Tree-alpha and excluding finitely many graphs

TL;DR

This paper characterizes hereditary graph classes with bounded tree-alpha based on forbidden subgraphs, resolving two conjectures related to graph exclusion and boundedness properties.

Contribution

It proves that such classes are characterized by excluding specific graphs, confirming two conjectures about hereditary graph classes and their bounded tree-alpha.

Findings

Hereditary classes with finitely many forbidden induced subgraphs have bounded tree-alpha iff they are (tw,ω)-bounded.

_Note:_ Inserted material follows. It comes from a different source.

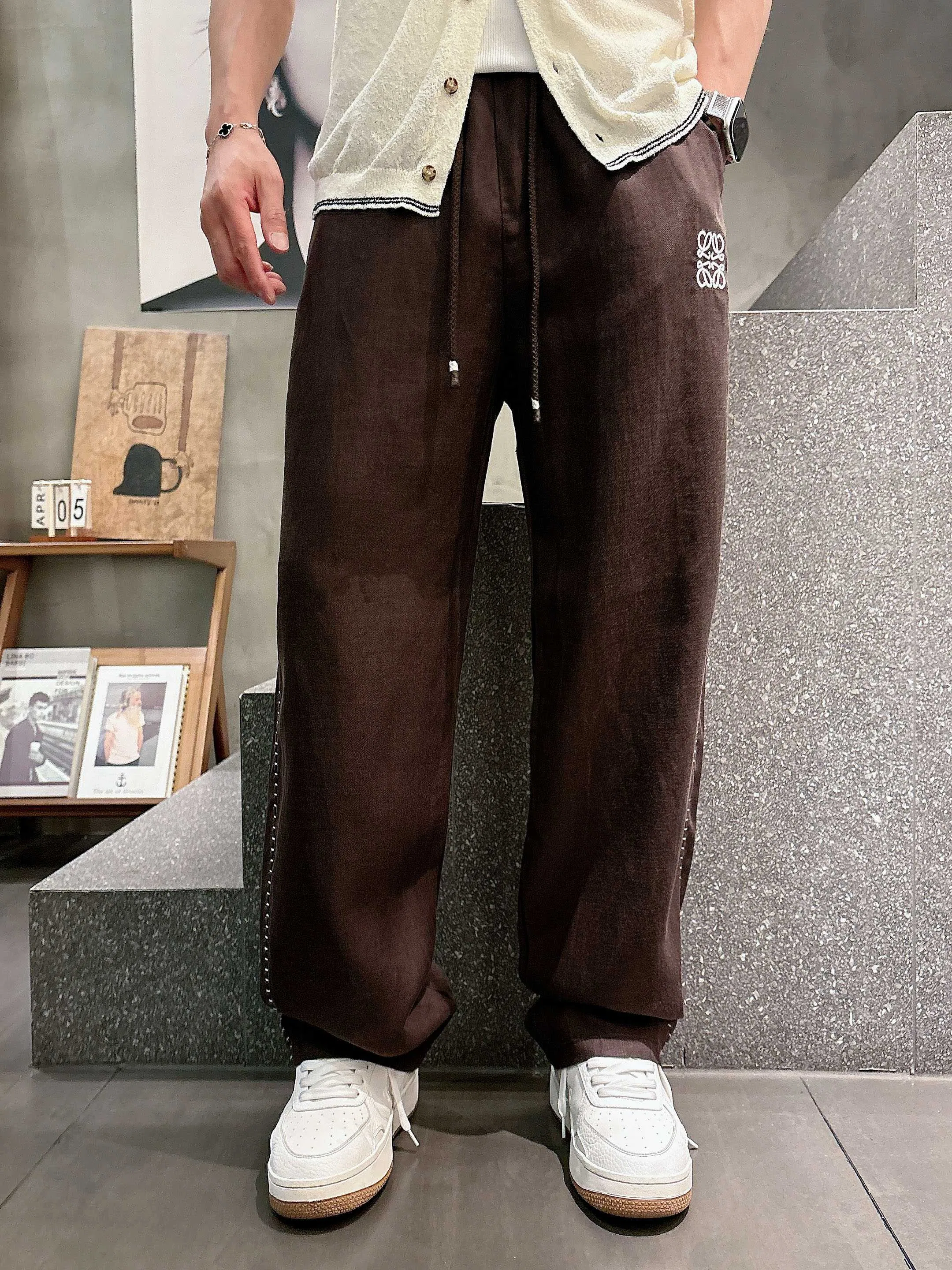 LOE 27FW HMUOLTR 016 스웻팬츠 9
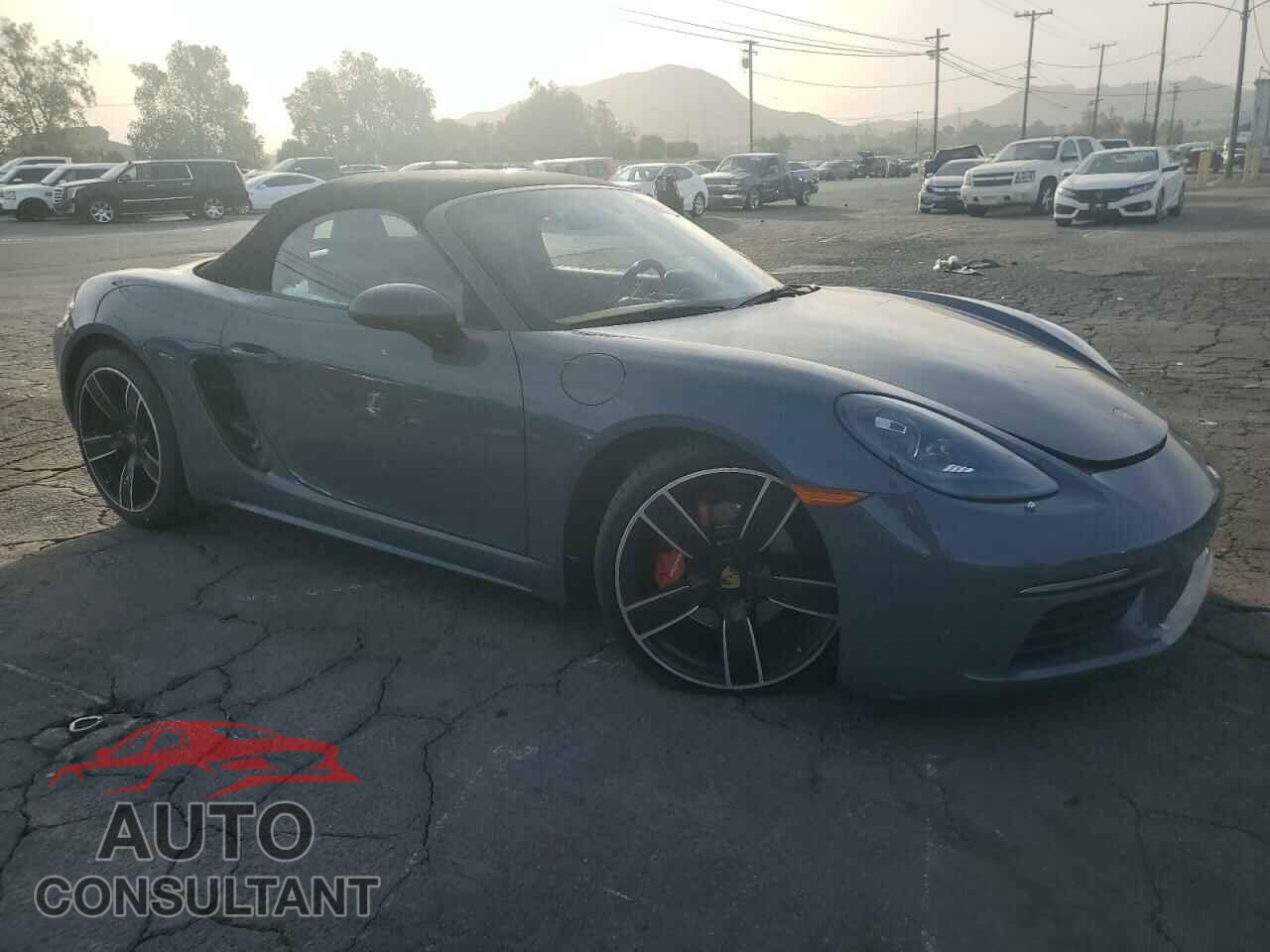 PORSCHE BOXSTER 2018 - WP0CB2A85JS228346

Such classes exclude a complete bipartite graph, a forest with at most three leaves per component, and the line graph of such a forest.

Resolved two conjectures regarding bounded tree-alpha and hereditary graph classes excluding certain subgraphs.

Abstract

We prove that a hereditary graph class $\mathcal{G}$ defined by finitely many excluded induced subgraphs has bounded tree-$\alpha$ if and only if it is "$(\mathrm{tw},\omega)$-bounded" (that is, for all $t\in \mathbb N$, the class of all $K_t$-free graphs in $\mathcal{G}$ has bounded treewidth). Equivalently, $\mathcal{G}$ has bounded tree-$\alpha$ if and only if it excludes a complete bipartite graph, a forest whose components each have at most three leaves, and the line graph of such a forest. This resolves two conjectures of Dallard, Krnc, Kwon, Milani\v{c}, Munaro, \v{S}torgel, and Wiederrecht: the above, and a weaker one that for all $a,b\in \mathbb N$, every hereditary class that excludes $K_{a,a}$ and the $b$-vertex path has bounded tree-$\alpha$. The latter was already open even for $(a,b)\in \{(2,7),(3,5)\}$, and only recently proved for $(a,b)=(2,6)$.